The Millers live in a five (5) bedroom, three (3) bathroom home with a livable area of 2,956 square feet located at 300 Scheivert Avenue in Aston, Pennsylvania ("the Home"). (Stipulated Facts ¶ 4; Bankruptcy Petition, Bky. Docket Entry No. 1). The Debtors own the Home jointly, which they value at $280,000.00. (Stipulated Facts ¶ 4; Sch. A). The Debtors have two mortgages on the Home. As of the petition date, the Debtors reported owing $226,864.00 on the first mortgage, held by CitiMortgage, and $46,883.00 on the second mortgage, held by Commerce Bank. (Sch.D). As of February 12, 2009, the Debtors were at least two (2) months in arrears on their mortgage payments. (Debtor's Aff. ¶ 13, Adv. Docket Entry No. 27-11). Additionally, since filing their petition, the Debtors have had to cash out a mutual fund worth approximately $6,200.00 to pay real estate taxes on the Home. (Stipulated Facts ¶ 15).
The Millers currently own two (2) automobiles: a 2002 GMC Sierra and a 1994 Oldsmobile Cutlass. (Sch.B).[10] The Cutlass *306 is used exclusively by the Millers' older daughter. (Stipulated Facts ¶ 5). The Debtors pay $181.00 a month in car insurance premiums. (Stipulated Facts ¶ 7.e.; Ex. E to Sallie Mae's Motion). Of that amount, $111.00 a month is paid to insure the Cutlass for their older daughter. (Stipulated Facts ¶ 16; Ex. E. to Sallie Mae's Motion).[11] The Debtors have also opted to pay for auto insurance that includes the "full tort" option. (Stipulated Facts ¶ 6).
Not including the Debtor's student loan obligation to Sallie Mae, the Millers' monthly household expenses include the following:

Expense                   Amount[12]
First mortgage payment    $1,347.99
Second mortgage payment   $  449.55
Electric and fuel         $  317.00[13]
Water and sewer           $  100.00
Cable                     $   45.95[14]
High Speed Internet       $   33.00[15]
Telephone                 $   71.05[16]
Home maintenance          $   50.00[17]
Food                      $  300.00
Clothing                  $   75.00
Medical expenses          $  402.00[18]
Transportation            $  150.00
Recreation                $   20.00
Homeowner's insurance     $   90.00
Life insurance            $   87.00[19]

*307
Auto insurance            $  181.00[20]
Real estate taxes         $  375.00
                          _________
                  TOTAL   $4,094.54

As of the petition date, the Debtor owed Sallie Mae $20,624.00.[21] The Debtor incurred this obligation as a result of Parent Plus loans she obtained to help fund her son's and older daughter's college educations. (Stipulated Facts ¶ 10; Debtor's Aff. ¶ 4, Adv.
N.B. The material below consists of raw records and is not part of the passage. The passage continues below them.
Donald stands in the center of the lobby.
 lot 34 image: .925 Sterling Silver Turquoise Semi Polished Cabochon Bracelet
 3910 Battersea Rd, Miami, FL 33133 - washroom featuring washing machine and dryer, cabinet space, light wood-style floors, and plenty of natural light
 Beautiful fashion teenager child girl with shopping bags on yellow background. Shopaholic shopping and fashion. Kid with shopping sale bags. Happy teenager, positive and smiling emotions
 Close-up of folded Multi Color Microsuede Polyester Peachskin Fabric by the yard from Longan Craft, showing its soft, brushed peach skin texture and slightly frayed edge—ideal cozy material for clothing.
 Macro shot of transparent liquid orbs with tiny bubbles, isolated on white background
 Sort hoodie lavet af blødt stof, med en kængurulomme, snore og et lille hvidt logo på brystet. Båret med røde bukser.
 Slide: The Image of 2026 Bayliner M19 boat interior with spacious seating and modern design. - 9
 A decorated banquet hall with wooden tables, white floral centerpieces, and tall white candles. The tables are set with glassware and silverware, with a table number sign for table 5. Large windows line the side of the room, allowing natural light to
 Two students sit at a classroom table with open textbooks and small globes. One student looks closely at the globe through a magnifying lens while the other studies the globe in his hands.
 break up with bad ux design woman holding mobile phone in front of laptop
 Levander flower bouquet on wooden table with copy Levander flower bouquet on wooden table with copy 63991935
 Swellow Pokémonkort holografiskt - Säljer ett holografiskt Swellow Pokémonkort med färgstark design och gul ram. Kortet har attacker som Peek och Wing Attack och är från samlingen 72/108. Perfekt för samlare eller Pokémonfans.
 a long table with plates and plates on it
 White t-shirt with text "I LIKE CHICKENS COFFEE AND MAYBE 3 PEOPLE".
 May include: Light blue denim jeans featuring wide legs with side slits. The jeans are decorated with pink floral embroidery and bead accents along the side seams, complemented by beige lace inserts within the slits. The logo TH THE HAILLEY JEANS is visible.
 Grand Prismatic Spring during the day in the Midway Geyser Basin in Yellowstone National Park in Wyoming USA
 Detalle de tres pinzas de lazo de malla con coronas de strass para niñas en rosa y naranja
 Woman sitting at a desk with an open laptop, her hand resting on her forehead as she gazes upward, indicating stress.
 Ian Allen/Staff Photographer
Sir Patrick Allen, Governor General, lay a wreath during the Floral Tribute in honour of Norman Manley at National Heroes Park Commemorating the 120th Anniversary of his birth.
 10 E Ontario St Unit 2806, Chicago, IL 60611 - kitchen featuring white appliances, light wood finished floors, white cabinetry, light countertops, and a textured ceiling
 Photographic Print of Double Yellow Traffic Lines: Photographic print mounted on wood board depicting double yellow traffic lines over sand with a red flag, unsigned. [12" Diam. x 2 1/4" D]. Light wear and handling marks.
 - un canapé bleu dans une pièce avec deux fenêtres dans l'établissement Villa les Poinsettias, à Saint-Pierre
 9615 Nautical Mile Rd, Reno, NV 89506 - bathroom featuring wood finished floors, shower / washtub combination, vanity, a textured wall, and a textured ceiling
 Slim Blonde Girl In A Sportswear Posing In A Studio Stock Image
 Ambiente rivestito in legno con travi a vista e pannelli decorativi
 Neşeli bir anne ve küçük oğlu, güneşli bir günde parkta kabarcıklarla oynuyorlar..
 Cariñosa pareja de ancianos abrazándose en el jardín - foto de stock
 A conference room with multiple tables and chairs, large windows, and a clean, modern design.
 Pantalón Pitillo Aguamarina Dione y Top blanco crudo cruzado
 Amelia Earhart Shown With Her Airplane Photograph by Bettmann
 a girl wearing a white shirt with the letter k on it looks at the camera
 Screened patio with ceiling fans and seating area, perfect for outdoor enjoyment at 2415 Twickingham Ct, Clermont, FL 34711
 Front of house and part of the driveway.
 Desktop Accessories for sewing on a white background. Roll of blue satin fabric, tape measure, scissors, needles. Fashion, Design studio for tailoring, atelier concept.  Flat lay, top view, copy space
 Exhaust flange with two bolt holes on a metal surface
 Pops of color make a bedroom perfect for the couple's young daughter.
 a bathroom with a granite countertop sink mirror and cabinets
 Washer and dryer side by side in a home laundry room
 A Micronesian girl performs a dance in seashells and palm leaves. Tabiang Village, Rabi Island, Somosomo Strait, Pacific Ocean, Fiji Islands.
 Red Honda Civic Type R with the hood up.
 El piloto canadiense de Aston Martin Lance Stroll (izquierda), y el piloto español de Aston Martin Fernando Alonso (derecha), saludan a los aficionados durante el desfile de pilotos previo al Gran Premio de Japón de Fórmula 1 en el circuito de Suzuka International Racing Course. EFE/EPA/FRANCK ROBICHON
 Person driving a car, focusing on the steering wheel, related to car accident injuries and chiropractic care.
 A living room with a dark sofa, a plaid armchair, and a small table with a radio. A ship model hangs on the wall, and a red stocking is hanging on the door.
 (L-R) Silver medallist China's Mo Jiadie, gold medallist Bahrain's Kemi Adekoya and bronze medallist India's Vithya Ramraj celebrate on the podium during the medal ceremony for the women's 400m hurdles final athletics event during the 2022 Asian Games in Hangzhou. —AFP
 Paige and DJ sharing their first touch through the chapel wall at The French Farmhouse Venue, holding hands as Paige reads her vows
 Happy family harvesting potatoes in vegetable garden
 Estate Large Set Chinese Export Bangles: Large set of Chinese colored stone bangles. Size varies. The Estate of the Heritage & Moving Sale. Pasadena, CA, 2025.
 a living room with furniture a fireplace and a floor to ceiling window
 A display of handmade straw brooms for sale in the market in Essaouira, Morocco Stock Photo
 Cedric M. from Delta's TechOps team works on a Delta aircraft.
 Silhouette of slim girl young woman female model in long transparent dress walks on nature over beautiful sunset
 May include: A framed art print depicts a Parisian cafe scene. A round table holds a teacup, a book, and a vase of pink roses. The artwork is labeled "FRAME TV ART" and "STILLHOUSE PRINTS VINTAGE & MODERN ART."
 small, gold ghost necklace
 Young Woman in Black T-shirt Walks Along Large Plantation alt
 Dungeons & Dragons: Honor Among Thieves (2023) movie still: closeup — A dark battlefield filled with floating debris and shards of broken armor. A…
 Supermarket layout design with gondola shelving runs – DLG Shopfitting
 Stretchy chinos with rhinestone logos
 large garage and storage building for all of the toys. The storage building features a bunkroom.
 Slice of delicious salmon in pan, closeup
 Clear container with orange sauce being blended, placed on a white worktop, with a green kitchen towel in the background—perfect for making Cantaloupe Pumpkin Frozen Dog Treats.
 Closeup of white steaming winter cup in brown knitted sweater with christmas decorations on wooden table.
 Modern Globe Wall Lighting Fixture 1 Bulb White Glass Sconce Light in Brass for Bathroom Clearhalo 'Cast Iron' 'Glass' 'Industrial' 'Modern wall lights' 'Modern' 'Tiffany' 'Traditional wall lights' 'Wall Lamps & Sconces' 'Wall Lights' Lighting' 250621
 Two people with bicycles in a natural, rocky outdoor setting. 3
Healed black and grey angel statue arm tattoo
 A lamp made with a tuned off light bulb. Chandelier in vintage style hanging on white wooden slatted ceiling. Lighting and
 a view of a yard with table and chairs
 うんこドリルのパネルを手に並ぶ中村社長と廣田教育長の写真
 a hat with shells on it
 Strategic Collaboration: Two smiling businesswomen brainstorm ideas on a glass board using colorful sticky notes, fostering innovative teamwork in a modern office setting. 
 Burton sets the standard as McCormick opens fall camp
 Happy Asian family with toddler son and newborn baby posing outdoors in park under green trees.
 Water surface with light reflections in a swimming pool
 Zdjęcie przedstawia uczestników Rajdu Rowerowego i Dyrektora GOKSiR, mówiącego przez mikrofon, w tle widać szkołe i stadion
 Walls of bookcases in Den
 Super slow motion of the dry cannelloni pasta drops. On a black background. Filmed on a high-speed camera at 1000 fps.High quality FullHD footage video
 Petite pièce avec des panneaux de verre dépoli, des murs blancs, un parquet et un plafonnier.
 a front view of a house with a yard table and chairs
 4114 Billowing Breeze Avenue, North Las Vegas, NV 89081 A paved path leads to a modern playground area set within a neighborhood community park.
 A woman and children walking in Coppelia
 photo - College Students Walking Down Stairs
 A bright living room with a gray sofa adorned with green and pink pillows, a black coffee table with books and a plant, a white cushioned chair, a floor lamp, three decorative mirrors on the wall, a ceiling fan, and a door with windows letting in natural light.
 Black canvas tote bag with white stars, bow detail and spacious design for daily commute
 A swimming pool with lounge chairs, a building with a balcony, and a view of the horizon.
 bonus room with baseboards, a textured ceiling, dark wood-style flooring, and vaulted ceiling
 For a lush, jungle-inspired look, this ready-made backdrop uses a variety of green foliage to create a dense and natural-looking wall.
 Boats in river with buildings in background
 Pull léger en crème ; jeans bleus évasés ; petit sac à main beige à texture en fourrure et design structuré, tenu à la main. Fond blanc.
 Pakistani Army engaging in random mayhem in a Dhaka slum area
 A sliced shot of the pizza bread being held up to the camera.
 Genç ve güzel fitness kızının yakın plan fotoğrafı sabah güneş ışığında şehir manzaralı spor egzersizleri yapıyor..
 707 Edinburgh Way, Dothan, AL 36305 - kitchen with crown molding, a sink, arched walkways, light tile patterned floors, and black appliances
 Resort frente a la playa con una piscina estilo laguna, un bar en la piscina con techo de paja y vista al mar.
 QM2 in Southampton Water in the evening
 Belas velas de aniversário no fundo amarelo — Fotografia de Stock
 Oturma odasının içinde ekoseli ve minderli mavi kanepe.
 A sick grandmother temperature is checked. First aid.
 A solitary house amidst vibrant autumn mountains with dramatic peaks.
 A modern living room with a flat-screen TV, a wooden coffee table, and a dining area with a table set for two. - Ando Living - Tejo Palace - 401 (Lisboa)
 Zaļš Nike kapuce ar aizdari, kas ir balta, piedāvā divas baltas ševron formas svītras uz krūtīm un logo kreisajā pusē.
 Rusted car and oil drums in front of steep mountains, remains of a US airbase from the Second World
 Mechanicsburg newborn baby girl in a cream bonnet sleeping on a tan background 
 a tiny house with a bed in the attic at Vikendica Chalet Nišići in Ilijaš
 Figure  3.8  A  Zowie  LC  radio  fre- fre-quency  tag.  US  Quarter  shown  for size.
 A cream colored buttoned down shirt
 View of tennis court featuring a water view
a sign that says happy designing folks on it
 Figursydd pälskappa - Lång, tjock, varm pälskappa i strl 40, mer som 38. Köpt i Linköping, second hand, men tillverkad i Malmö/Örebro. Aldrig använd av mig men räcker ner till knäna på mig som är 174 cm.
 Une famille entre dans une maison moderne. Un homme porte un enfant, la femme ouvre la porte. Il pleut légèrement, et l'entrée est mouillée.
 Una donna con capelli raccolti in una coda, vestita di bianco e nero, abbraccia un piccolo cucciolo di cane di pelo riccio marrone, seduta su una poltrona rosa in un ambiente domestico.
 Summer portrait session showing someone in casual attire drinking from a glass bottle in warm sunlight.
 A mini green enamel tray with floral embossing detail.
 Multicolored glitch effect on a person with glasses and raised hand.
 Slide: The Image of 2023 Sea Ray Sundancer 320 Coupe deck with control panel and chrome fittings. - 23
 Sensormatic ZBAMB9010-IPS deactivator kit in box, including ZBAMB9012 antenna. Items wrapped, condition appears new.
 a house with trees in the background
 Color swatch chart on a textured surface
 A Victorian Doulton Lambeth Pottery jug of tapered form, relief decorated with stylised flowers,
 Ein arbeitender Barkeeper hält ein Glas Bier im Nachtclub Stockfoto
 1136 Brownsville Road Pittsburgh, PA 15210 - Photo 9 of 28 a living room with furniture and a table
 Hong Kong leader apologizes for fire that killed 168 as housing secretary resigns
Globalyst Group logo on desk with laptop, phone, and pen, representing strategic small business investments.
Docket Entry No. 27-11). Her husband is not an obligor on the loans. The Debtor was disabled, unemployed and collecting Social Security Disability when she obtained these loans. (Stipulated Facts ¶ 9). In 2004, and again in 2007, the Debtor consolidated her outstanding loans to lower the monthly payments. (Id. ¶ 10).
The Debtor was current on her student loans when she filed for bankruptcy. (Id. ¶ 11). Her monthly payment is $122.68. (Id. ¶ 10).

III. DISCHARGEABILITY UNDER 11 U.S.C. § 523(a)(8)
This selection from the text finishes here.